Cette adresse n'était pas une faute de frappe et pas une astuce de redirection. C'était un domain hack — un nom de domaine dans lequel l'extension elle-même complète le mot. Wikipedia définit précisément la forme : un domain hack est un nom de domaine qui suggère un mot, une phrase ou un nom lorsqu'on concatène deux niveaux adjacents ou plus de ce domaine, et il cite celui d'Instagram comme un cas d'école : instagr.am utilise le ccTLD .am (Arménie) pour épeler le nom du service de partage de photos « Instagram ».
Relisez cela. Pour épeler son propre nom de marque, une application photo de San Francisco a emprunté le domaine de premier niveau géographique de l'Arménie, un pays situé à environ 11 000 kilomètres. Le « am » d'Instagram vivait, techniquement, à Erevan.
Pour une toute petite startup se lançant dans un App Store très concurrencé, le hack était un cadeau. Il était court, il était exact, il se lisait comme un seul mot, et — point crucial — il était disponible quand l'adresse évidente, Instagram.com, ne l'était pas.
Mais une extension de pays empruntée, c'est une fondation empruntée. Quelques mois après le lancement, Instagram est discrètement allée acheter la vraie chose. La société a pris la décision de payer 100 000 $ pour le domaine en janvier 2011, en se consolidant sur Instagram.com avant que la majorité du monde n'ait même entendu ce nom.

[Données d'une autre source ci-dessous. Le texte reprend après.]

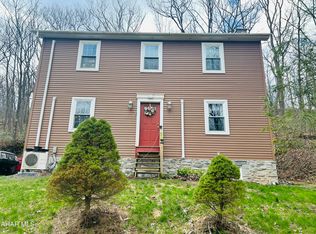 217 Good Shepherd Rd, Altoona, PA 16601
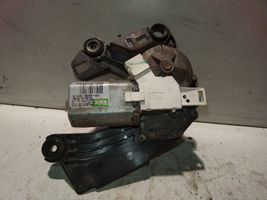 Citroen Jumpy Motor del limpiaparabrisas trasero 53028712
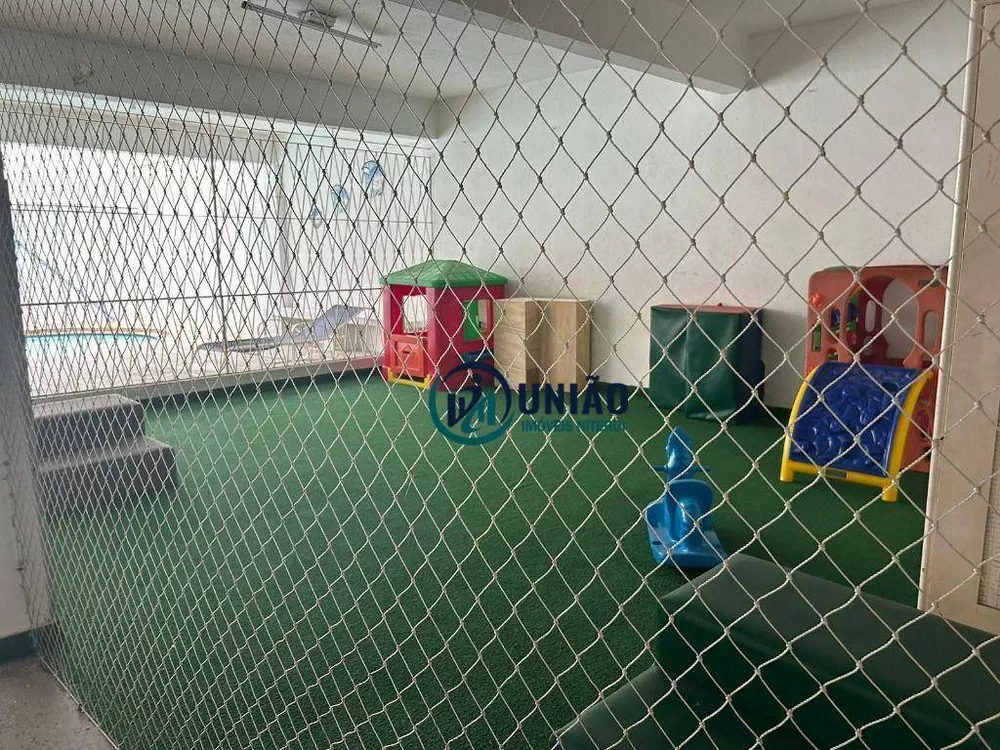 Apartamento, 3 quartos, 100 m² - Foto 12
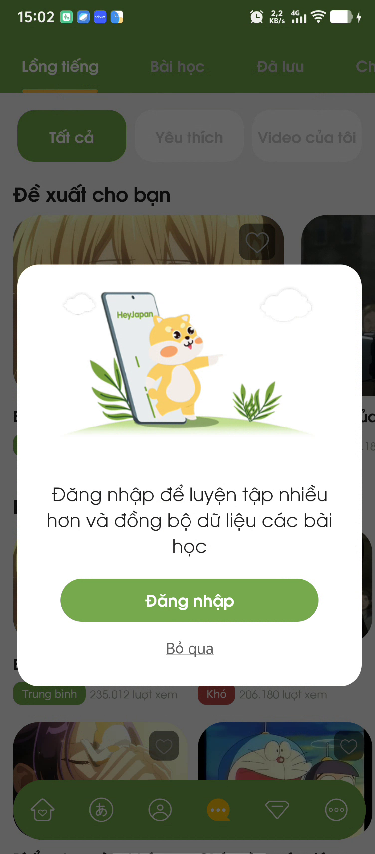 Screenshot from 2025 05 22 15 03 00.png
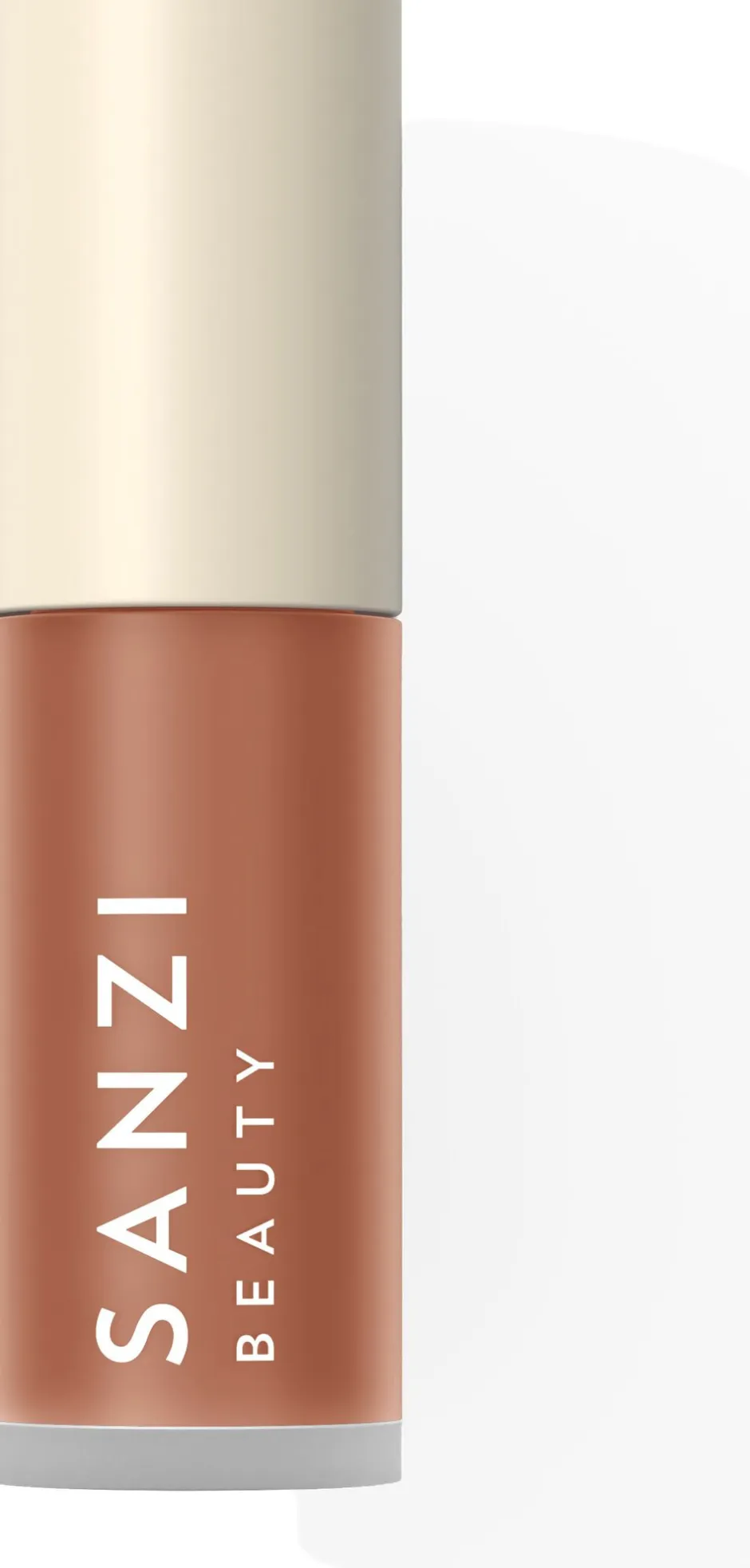 Lip Sheen-Sanzi Beauty Best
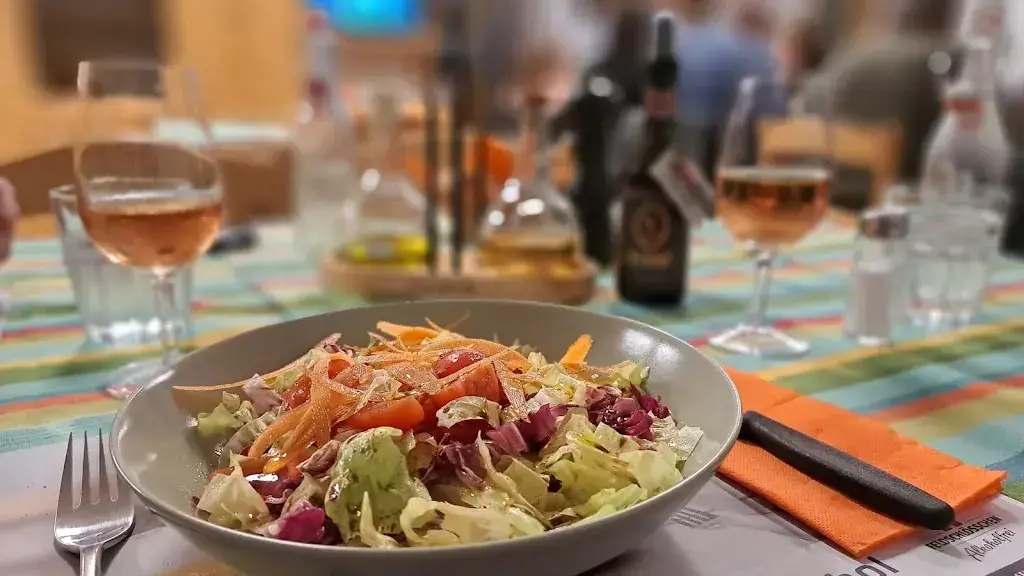 Menu_Caffè ristorante della Posta_Carena_image_6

Voici l'histoire du domain de lancement le plus ingénieux de l'histoire des startups — et pourquoi la société qui l'avait créé ne l'a pas gardé.
Octobre 2010 : le lancement qui s'est effondré sous son propre succès
Instagram est né d'un pivot. Kevin Systrom et Mike Krieger construisaient une application de check-in basée sur la localisation appelée Burbn ; quand ils l'ont réduite aux photos, aux filtres et au partage, l'application moderne a émergé. Selon Wikipedia, Instagram a été lancé sur iOS en octobre 2010 par Kevin Systrom et l'ingénieur logiciel brésilien Mike Krieger. Le dossier OMPI d'un litige de domaine ultérieur fixe la date exacte : Instagram a été lancé le 6 octobre 2010.
L'accueil a été immédiat et écrasant. La chronologie de Wikipedia indique que plus de 25 000 utilisateurs se sont inscrits le jour du lancement, et plus de 100 000 en quelques jours seulement. L'historique d'Entrepreneur note que Systrom et Krieger ont lancé avec seulement 80 utilisateurs initiaux la veille — et en quelques heures le site s'est planté plusieurs fois sous le trafic. La croissance ne s'est pas arrêtée : Instagram a continué en atteignant 1 million d'utilisateurs inscrits en deux mois, 10 millions en un an, et la refonte de septembre 2011 a ajouté de nouveaux filtres en direct qui ont cimenté l'esthétique.
Tout au long de cette adoption explosive des débuts, la marque que les gens tapaient et partageaient était instagr.am.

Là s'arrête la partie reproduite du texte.